Достаточно провести большим пальцем по гурту монету – и снова окажешься в клубе Нумизмат, в центре Москвы двадцать первого века, причём другие – а клуб переполнен по субботам – сделают вид, что не заметили твоего отсутствия.
Многие пользуются возможностями, что открывают старинные монеты, конечно, для этого надо обладать изрядной долей «детскости» и воспринимать сии кругляши больше, чем предметы торговли, или обмена.
Не всем доступно – но и опасно тоже.
Потерев левендалер, можно оказаться на большом корабле, везущим ворованное в Мексике серебро в Нидерланды, и, убедиться, что эти монеты чеканились во время пути, или – стать жертвой щербатозубых, грубосколоченных матросов, резать для которых привычное занятие.
Скорее снова потри гурт – глядишь, успеешь вернуться к столам, на каких рядами разложено разнообразное серебро, и бывали случаи, когда люди не возвращались.
Заговор молчания вокруг головоломных путешествий, но какое счастье оказаться в ромейской империи, в Константинополе, идти по улицам мастеров, заглядывая в лавки, где медленно зреют великолепные эмали, или вершатся ковчеги, готовые вместить драгоценности, или даже реликвии; зайти в одну из приземистых базилик, и, глядя на косые полосы света, раствориться в молитве подобно тощему аскету, стоящему рядом…
Иные оказывались и во дворце – в порфирии, например, где гигантский пятибашенный шкаф хранит царские облачения, и успевали вернуться назад, пока мрачный протопатрикий не войдёт в зал, не удивиться, не вызовет охрану…
А папские дворцы, подземелья Ватикана, входы куда открываются через огромные, с изощрёнными штемпелями пиастры!
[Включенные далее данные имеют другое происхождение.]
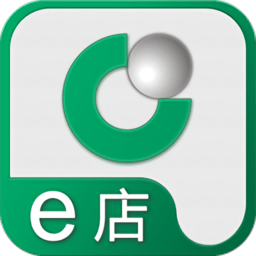 中国人寿国寿e家app最新版(国寿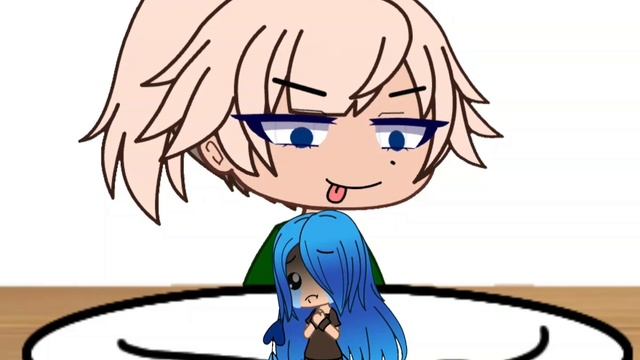 //]17:52] всем привет, я результат инцеста!🤓 смотреть онлайн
О! там можно прикоснуться к тайнам, от каких побледнеешь, и, если случиться возвратиться, бессмысленно рассказывать кому бы то ни было – не поверят.
Здесь никто не рассказывает ничего, просто знают, что войдя на территорию клуба, получают столь экзотическую возможность…
Германское княжество – то, или это – раскрывается мерцающим каналом, и дома стоят тесно, круглобокие, как бюргеры, а замок возводится долго, и разгар строительных работ открывает перспективы тогдашнего строительства.
Кто проезжает мимо? Лошадь великолепна, и сам человек пышноодеян – быть может, князь?
Скорее назад, как бы чего не вышло…
Да, иногда люди не возвращаются, они трут гурт монеты, но ничего не происходит, и вынуждены тогда, замирая душой и сердцем, устраиваться в прошлом, таком не знакомом мире, но, тем не менее, новые и новые рискуют, приходят в клуб по субботам, ибо желающих расцветить будни – не счесть.
50 КОПЕЕК
Ветвилась дорога между дач; ветвилась, отслаивались от неё проулки, в которых гавкали собаки, и веточки мельбы и мальвы, вылезавшие из-за серых штакетин, сообщались с райским мировосприятием лета, данного июлем во всем изобилии.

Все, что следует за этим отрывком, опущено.